This development is not surprising, as the values of agile development should resonate with anyone who's involved in delivering data and insights. At it's core, agile values:
- Individuals and interactions over processes and tools
- Working software over comprehensive documentation
- Customer collaboration over contract negotiation
- Responding to change over following a plan
Let's start with the implications of "agile" in the world of Big Data Analytics (and also, Big Data Applications). Based on my experience at Yahoo! (and also, based on what I am starting to see from Greenplum's customers) there is kind of an evolution of needs that takes place during the lifecycle of Big Data Analytics application development - let's call this the Analytics Application Development Lifecycle. Before diving into what this lifecycle looks like, let's first talk about the environment that enterprises with Big Data are dealing with today. In general, I've seen the following characterstics, which end up informing what an Agile Big Data environment needs to support:
- Underlying Data Sets are Fast Changing: In this environment, timely analysis of new products and concepts is a competitive advantage. As a result, data processing and analysis systems need to be flexible enough to support underlying changes without requiring a rewrite or a new data model.
- Demand for Analytics is Time Sensitive: In the big data world, the ability to analyze new features that are in production and impact revenue/ monetization is critical. Delays in turning around new requests can result in serious financial impact or customer risk.
- Business Questions and Data Needs are Unpredictable: Anyone who is supporting the Business Intelligence (BI) needs of a "Big-Data-Driven" organization will tell you that reporting and analysis needs for new features can’t be anticipated - additional data needs often arise as the result of first-pass analyses. This means that data query and analysis systems must be built for unpredictable demands.
- Volumes of Data and Data Consumers are Extremely Large: Analytics systems need to support deep analysis by data scientists, dashboards and reporting for larger internal user bases, and consumption by operational systems. To complicate things, all of these capabilities need to scale to support massive & growing data sets.

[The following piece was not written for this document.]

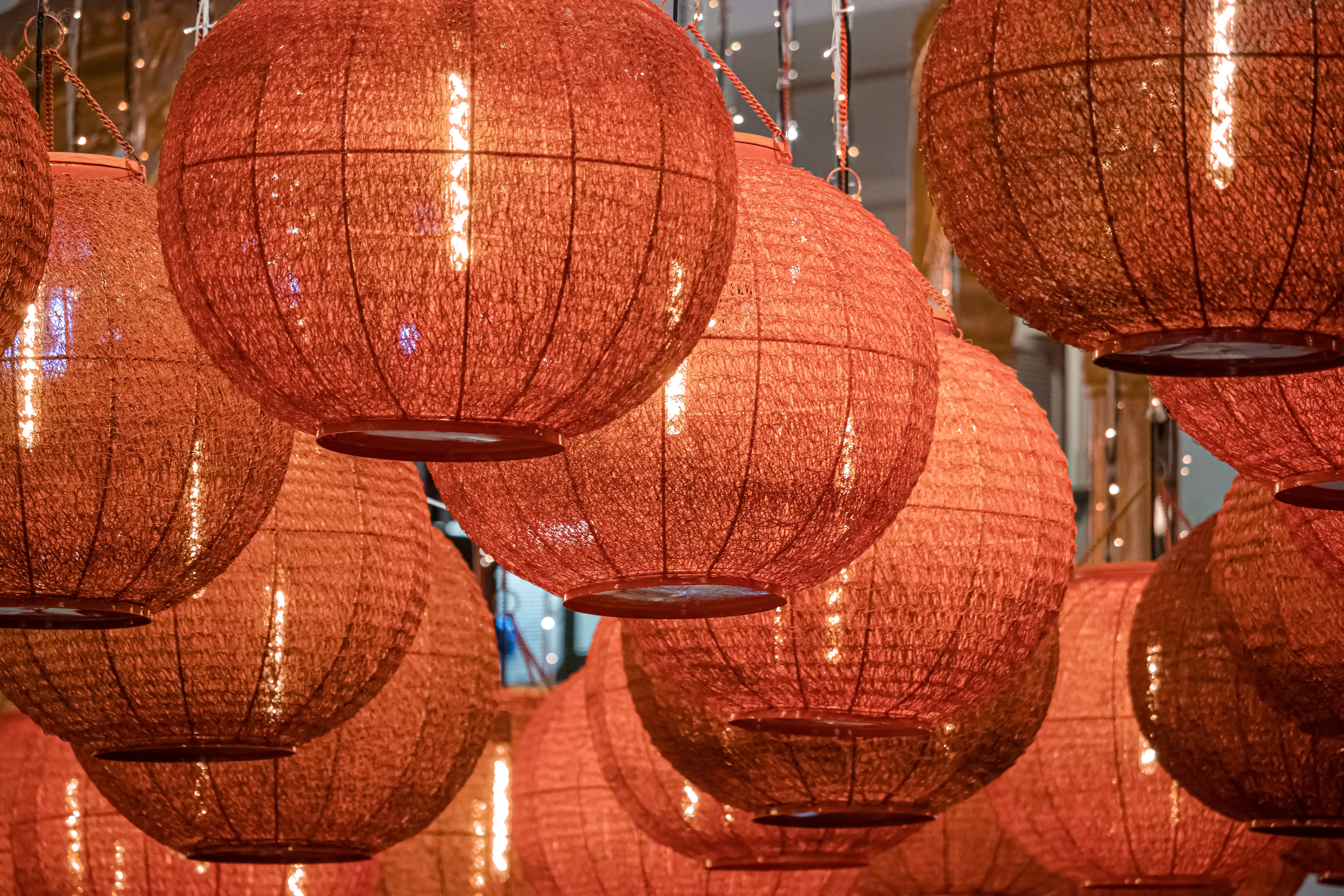 a bunch of red lanterns hanging from a ceiling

Given the above, what does a Big Data & Analytics platform need to do? It needs to support the analytics lifecyle as shown below.
A system that can easily support the above flow - with a focus on iterative, collaborative development within the "Ad Hoc" and "Proving Ground" quadrants - is well positioned to drive success for Big Data, Big Analytics initiatives. (Obviously I am biased, but check out Greenplum's recent launch of Chorus to understand our vision here.) When evaluating your own platform to assess whether it's ready to support this lifecycle my advice is to focus on the capabilities described in the Top Ten list below. Now - this is not a comprehensive list, but it captures the core elements that one should be looking for as part of a data platform rollout.
- Ad-hoc access to “raw” event/user level data
- Data source agnosticism – Hadoop & RDBMS interop
- Data search and discovery
- Analysis- and Developer-friendly environment – SQL, Code
- Lower-than-average cost of change for new data, metrics
- Schedule and publish capabilities for views, tables, insights
- Unified catalog/metadata service
- 3rd Party Tool “friendliness”
- Resource management for ad-hoc & production workloads
- Enterprise features for the entire data system
There are plenty of other things to think about as well: do you have the right "Data Scientists" within your organization to leverage this platform? Are you properly instrumenting your products and processes to drive data into your data platform? Are you thinking about closing the loop by building applications and systems that can leverage the insights delivered by your data science team (operationalization, as it were)? All things to keep in mind as you venture into the exciting new world of Big Data, and Big Analytics.